Provided records ::
· · · · · · ·

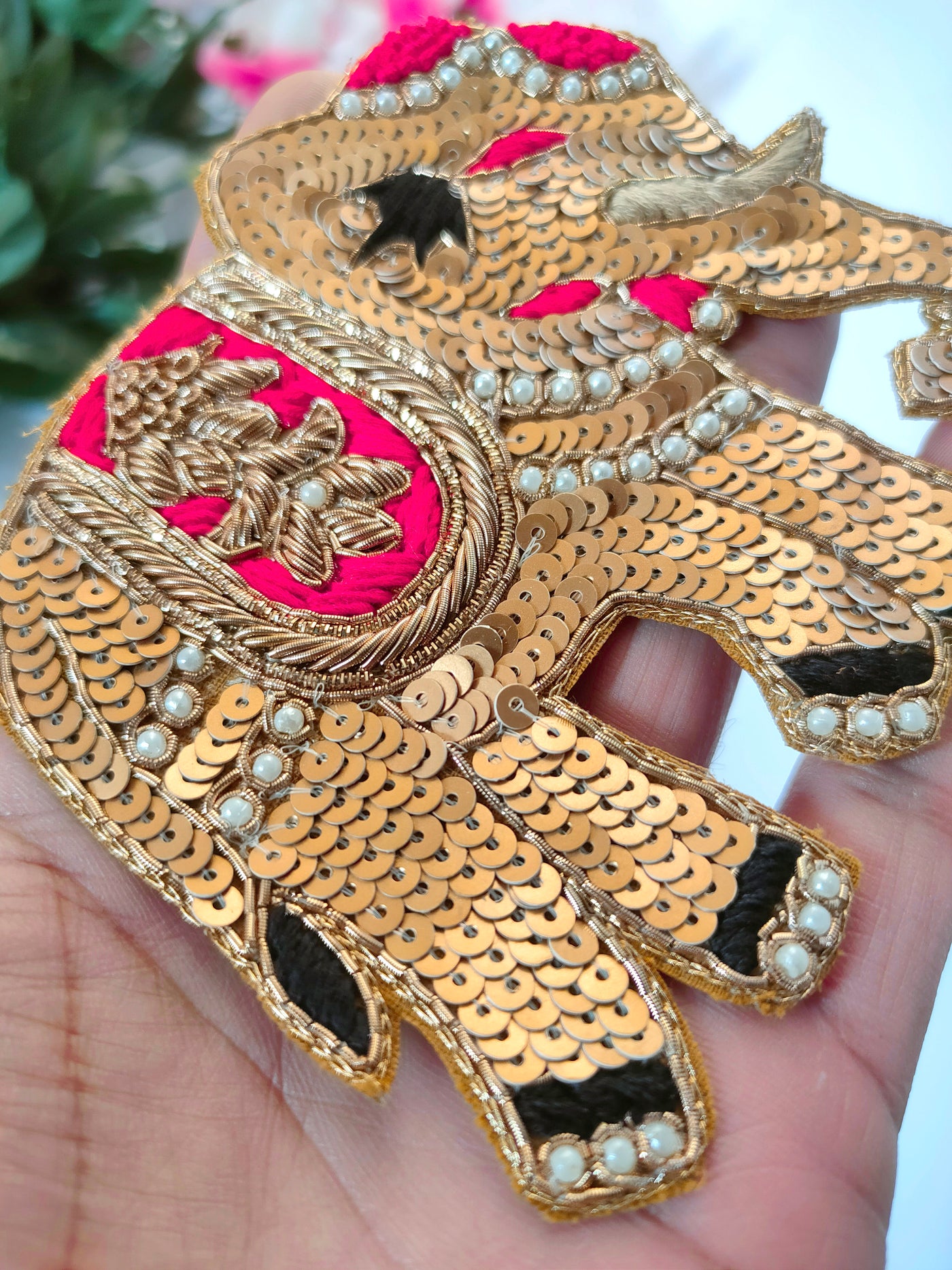 1 Pair - Golden Indian Sequin Embroidered Elephant Patch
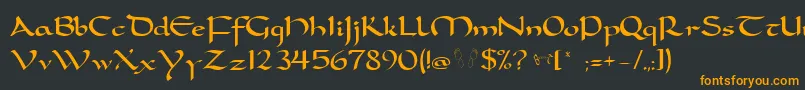 CarolingiaBigfootNormal Font – Orange Fonts on Black Background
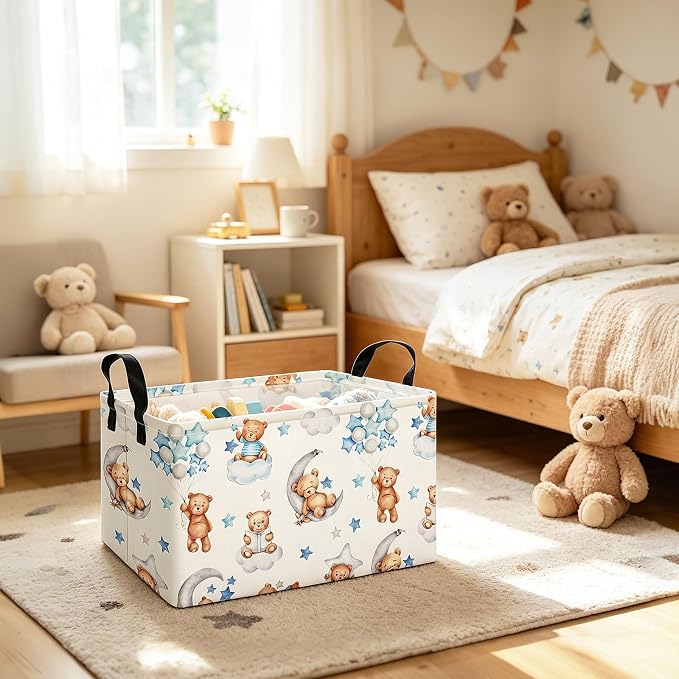Rectangular Bear Storage Bin, Fabric Closet Organizer Basket | Einforced side grips, foldable holder arranges clothing and bedroom personal belongings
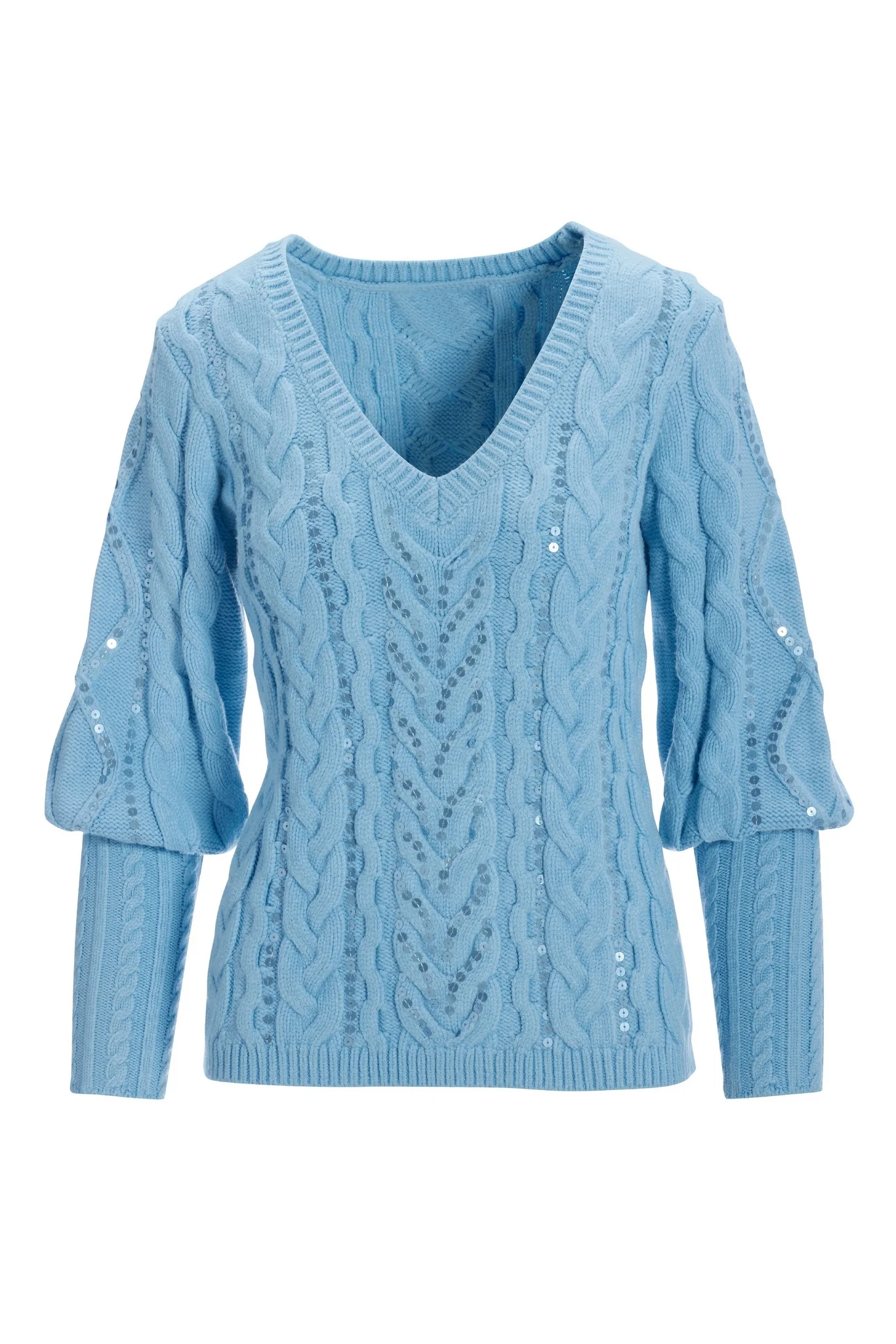 Sequin Cable V-Neck Sweater Airy Blue - Mycitystee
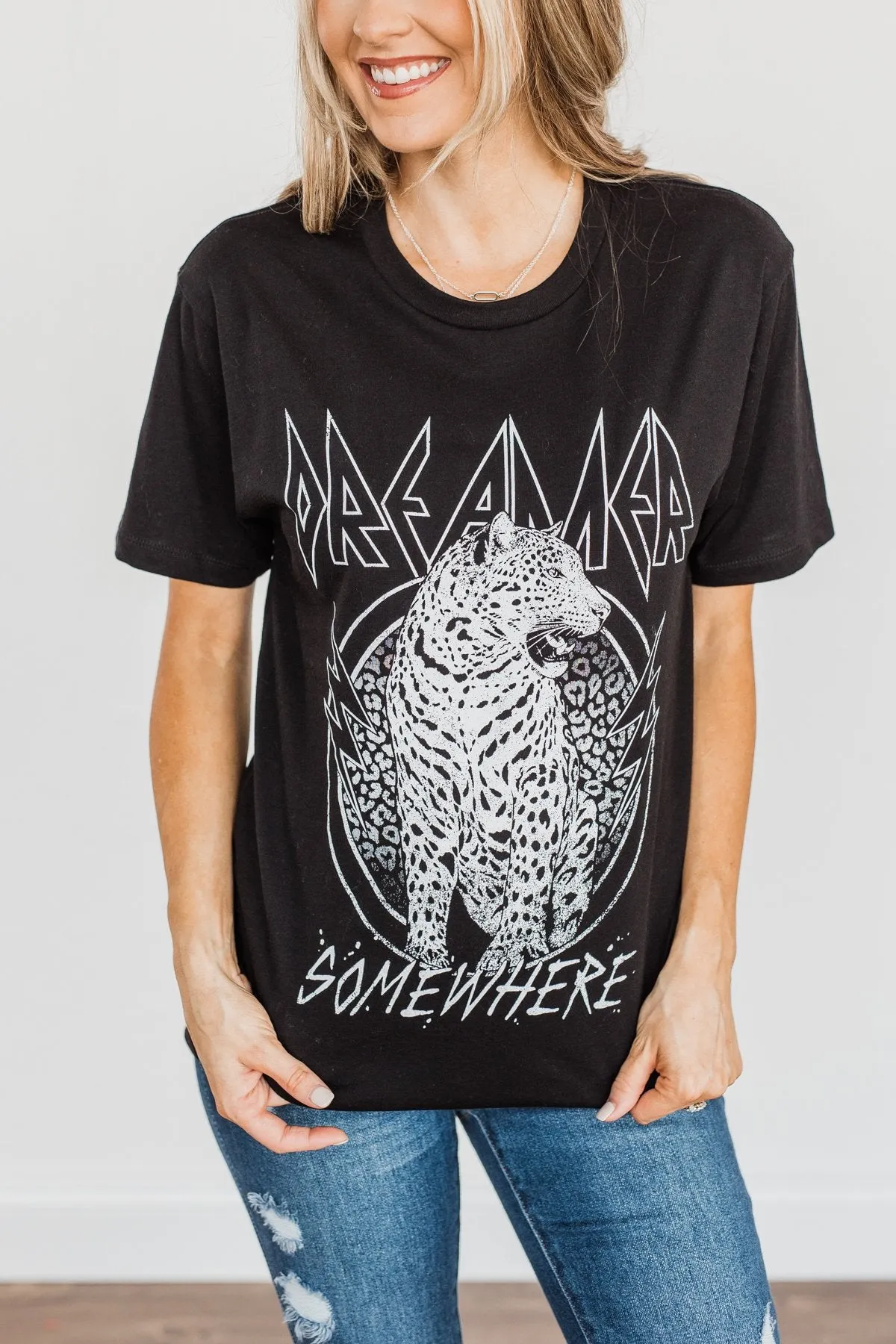 "Dreamer. Somewhere" Leopard Graphic Tee- Black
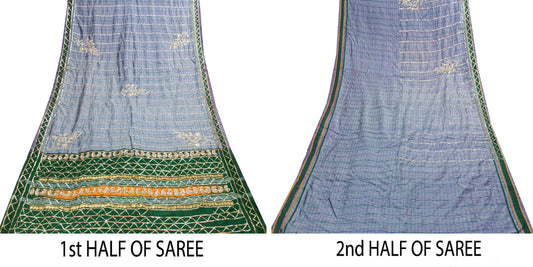 Sanskriti Vintage Purple-Green Pure Silk Saree Hand Bead Zari Woven 5+YD Fabric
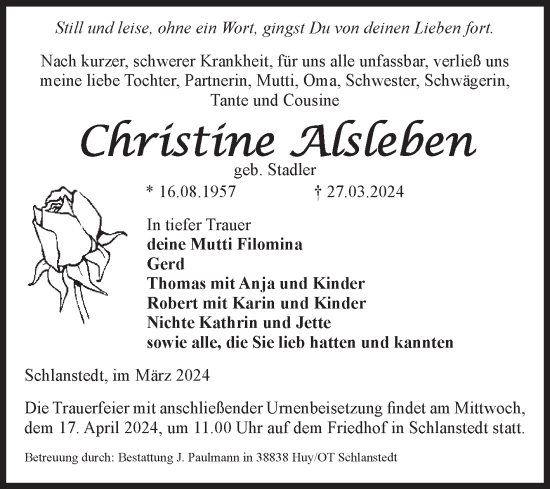 Traueranzeige von Christine Alsleben von Volksstimme Halberstadt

· · · · · · ·

Exercise aim :: A word-for-word repeat of the lines from the line with "Sanskriti Vintage Purple-Green" to the last line of the data, both ends included and pictures left out, is all that should appear.

Answer space ::
 Sanskriti Vintage Purple-Green Pure Silk Saree Hand Bead Zari Woven 5+YD Fabric
 Traueranzeige von Christine Alsleben von Volksstimme Halberstadt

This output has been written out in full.